Search code examples
avrospark-avro

Avro multiple record of same type in single schema


I like to use the same record type in an Avro schema multiple times. Consider this schema definition

{
    "type": "record",
    "name": "OrderBook",
    "namespace": "my.types",
    "doc": "Test order update",
    "fields": [
        {
            "name": "bids",
            "type": {
                "type": "array",
                "items": {
                    "type": "record",
                    "name": "OrderBookVolume",
                    "namespace": "my.types",
                    "fields": [
                        {
                            "name": "price",
                            "type": "double"
                        },
                        {
                            "name": "volume",
                            "type": "double"
                        }
                    ]
                }
            }
        },
        {
            "name": "asks",
            "type": {
                "type": "array",
                "items": {
                    "type": "record",
                    "name": "OrderBookVolume",
                    "namespace": "my.types",
                    "fields": [
                        {
                            "name": "price",
                            "type": "double"
                        },
                        {
                            "name": "volume",
                            "type": "double"
                        }
                    ]
                }
            }
        }
    ]
}

This is not a valid Avro schema and the Avro schema parser fails with

org.apache.avro.SchemaParseException: Can't redefine: my.types.OrderBookVolume

I can fix this by making the type unique by moving the OrderBookVolume into two different namespaces:

{
    "type": "record",
    "name": "OrderBook",
    "namespace": "my.types",
    "doc": "Test order update",
    "fields": [
        {
            "name": "bids",
            "type": {
                "type": "array",
                "items": {
                    "type": "record",
                    "name": "OrderBookVolume",
                    "namespace": "my.types.bid",
                    "fields": [
                        {
                            "name": "price",
                            "type": "double"
                        },
                        {
                            "name": "volume",
                            "type": "double"
                        }
                    ]
                }
            }
        },
        {
            "name": "asks",
            "type": {
                "type": "array",
                "items": {
                    "type": "record",
                    "name": "OrderBookVolume",
                    "namespace": "my.types.ask",
                    "fields": [
                        {
                            "name": "price",
                            "type": "double"
                        },
                        {
                            "name": "volume",
                            "type": "double"
                        }
                    ]
                }
            }
        }
    ]
}

This is not a valid solution as the Avro code generation would generate two different classes, which is very annoying if I like to use the type also for other things and not just for deser and ser.

This problem is related to this issue here: Avro Spark issue #73

Which added differentiation of nested records with the same name by prepending the namespace with the outer record names.
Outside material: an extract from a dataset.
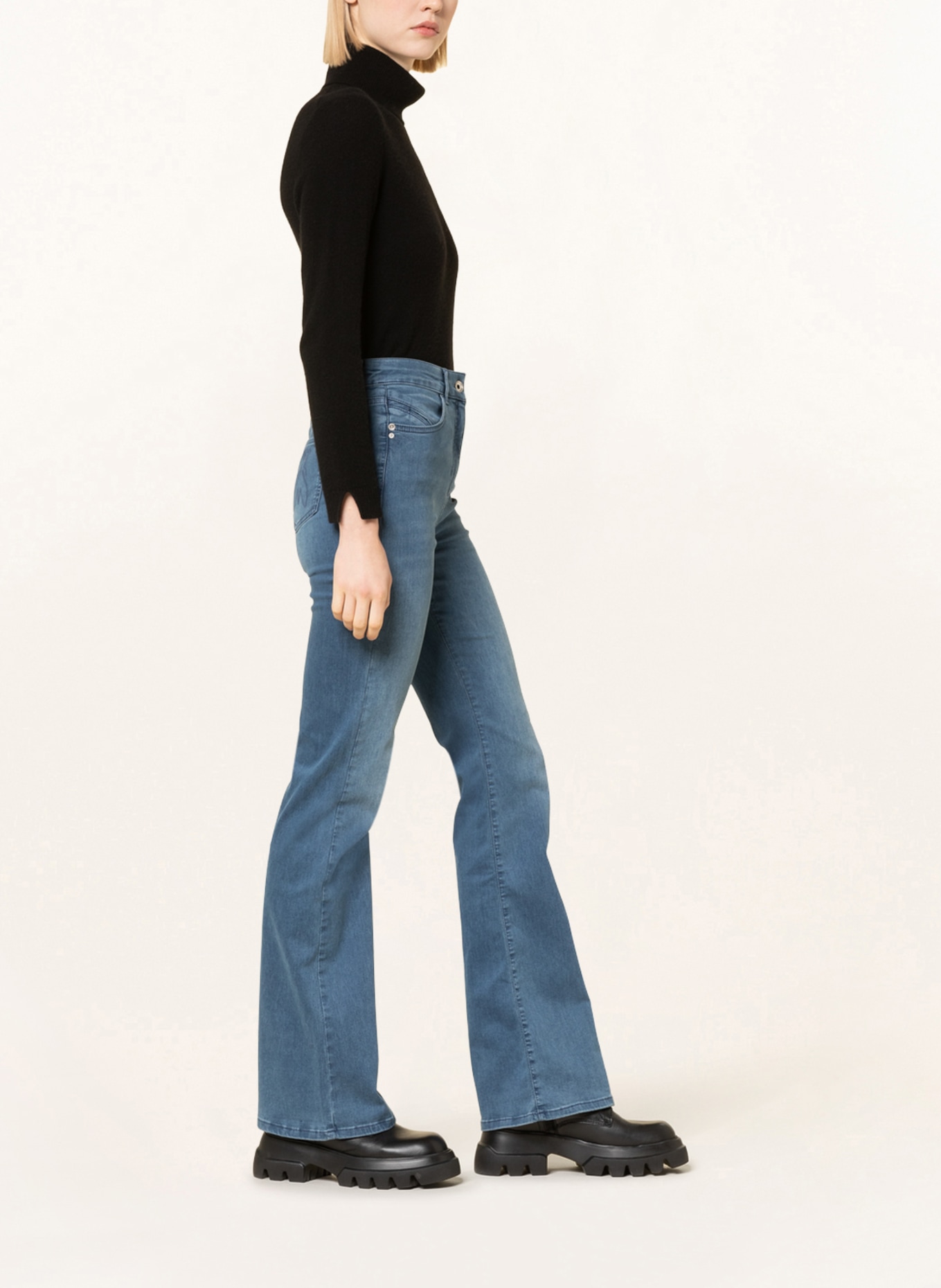 PATRIZIA PEPE Flared jeans , Color: C982 LIGHT WASHED BLUE (Image 4)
Their use case may be purely storage related so it may work for them but not for us.

Does anybody know a better solution? Is this a hard limitation of Avro?


Solution

  • It's not well documented, but Avro allows you to reference previously defined names by using the full namespace for the name that is being referenced. In your case, the following code would result in only one class being generated, referenced by each array. It also DRYs up the schema nicely.

    {
        "type": "record",
        "name": "OrderBook",
        "namespace": "my.types",
        "doc": "Test order update",
        "fields": [
            {
                "name": "bids",
                "type": {
                    "type": "array",
                    "items": {
                        "type": "record",
                        "name": "OrderBookVolume",
                        "namespace": "my.types.bid",
                        "fields": [
                            {
                                "name": "price",
                                "type": "double"
                            },
                            {
                                "name": "volume",
                                "type": "double"
                            }
                        ]
                    }
                }
            },
            {
                "name": "asks",
                "type": {
                    "type": "array",
                    "items": "my.types.bid.OrderBookVolume"
                }
            }
        ]
    }